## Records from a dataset
☆ ☆ ☆

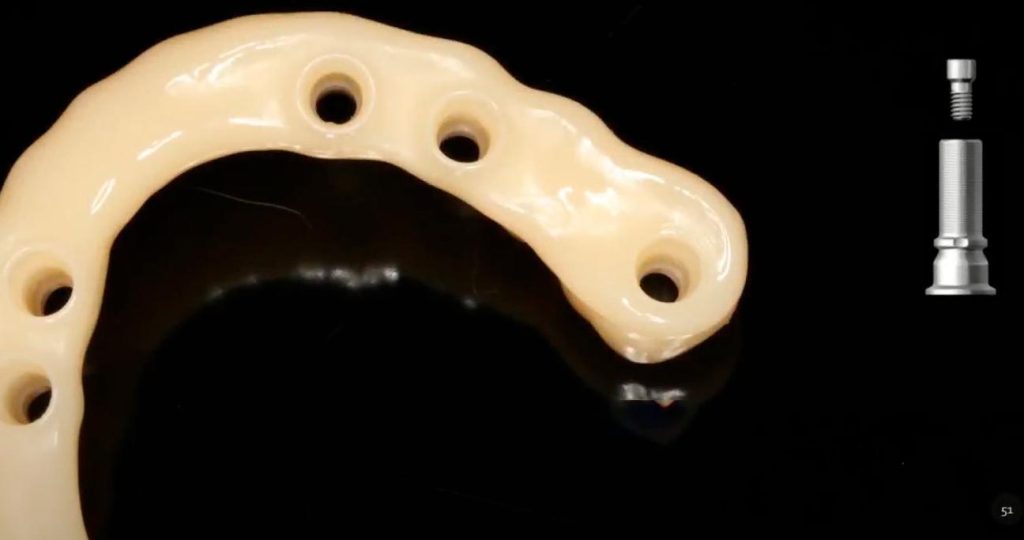 The highly polished intaglio surface of a PMMA temporary denture, designed to prevent food impaction and inflammation.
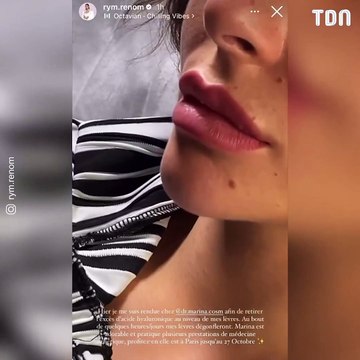 Une influenceuse partage une nouvelle fois sa séance d'injections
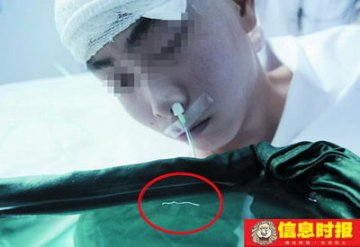 男子用青蛙腿敷牙治痛引虫入脑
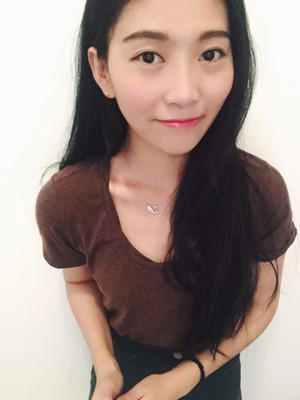 隆鼻手術(shù)前后過(guò)程對(duì)比圖，真實(shí)案例分享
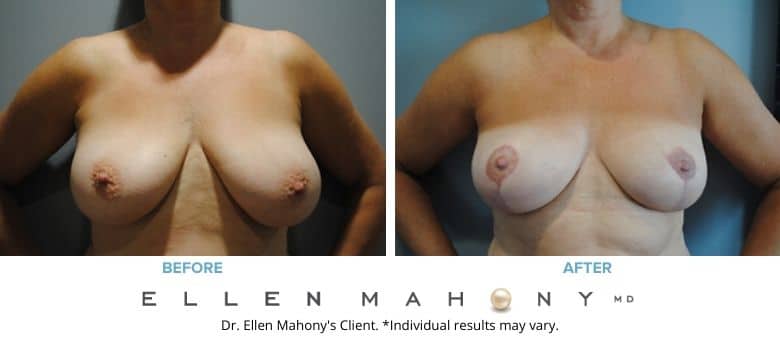 Before and After Image: Case #2595 - front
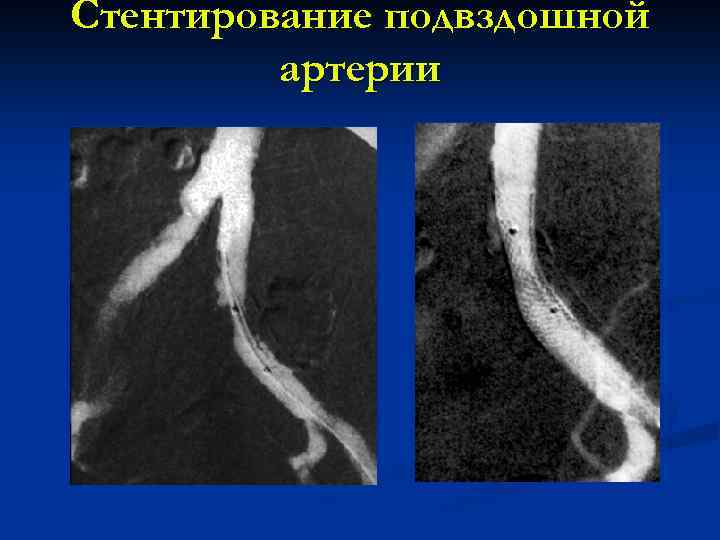 Стентирование подвздошной артерии 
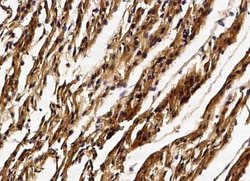 GSTM2 Rabbit anti-Human, Clone: 5, Novus Biologicals 100 &mu;g; Unconjugated:Antibodies,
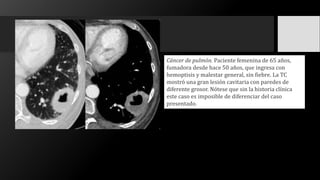 Cáncer de pulmón. Paciente femenina de 65 años,
fumadora desde hace 50 años, que ingresa con
hemoptisis y malestar general, sin fiebre. La TC
mostró una gran lesión cavitaria con paredes de
diferente grosor. Nótese que sin la historia clínica
este caso es imposible de diferenciar del caso
presentado.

☆ ☆ ☆

## Problem details
The required output is the lines from the one holding "fumadora desde hace 50 años, que ingresa con" through the last line of the entries above, copied exactly.

## Answer
fumadora desde hace 50 años, que ingresa con
hemoptisis y malestar general, sin fiebre. La TC
mostró una gran lesión cavitaria con paredes de
diferente grosor. Nótese que sin la historia clínica
este caso es imposible de diferenciar del caso
presentado.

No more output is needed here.